In Quo Vadis, Aida? vengono ad intrecciarsi in modo indissolubile le esigenze e gli istinti di una madre incastonata nel pieno dei fragili equilibri di una crisi umanitaria, in un’azione di contrasti che costituisce l’impalcatura di un gioco di chiaroscuri nei volti e nei corpi dei suoi interpreti.

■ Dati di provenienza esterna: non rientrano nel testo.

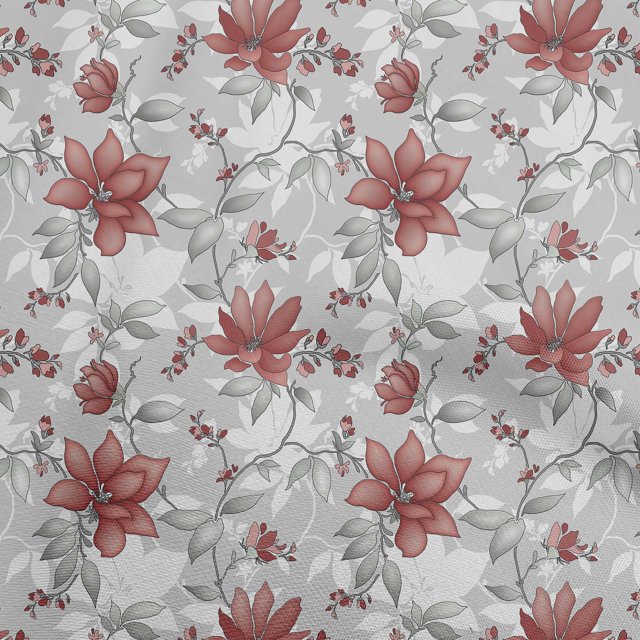 oneOone Polyester Spandex Marron Tissu Floral Rétro Tissu Imprimé de Matériel de Couture par la Cour 56 Pouces de Large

Il film di Jasmila Žbanić, presentato nella selezione ufficiale del Festival di Venezia 2020, si colloca temporalmente a ridosso dei sanguinosi strascichi delle guerre di dissoluzione della Jugoslavia, e più precisamente nel mezzo della presa della città bosniaca di Srebrenica da parte dell’esercito serbo. Gli attriti in questione sono presto presentati, con i pedoni della scacchiera collocati uno ad uno nelle posizioni di stallo che partono dal considerare la vicinanza degli eventi di riferimento, nel tempo e nello spazio (siamo nel 1995), dove sin dalle prime battute la diplomazia pare aver già fallito e dove quest’ultima, forse, non ha davvero mai creduto nella possibilità della riuscita del proprio ruolo di mediazione.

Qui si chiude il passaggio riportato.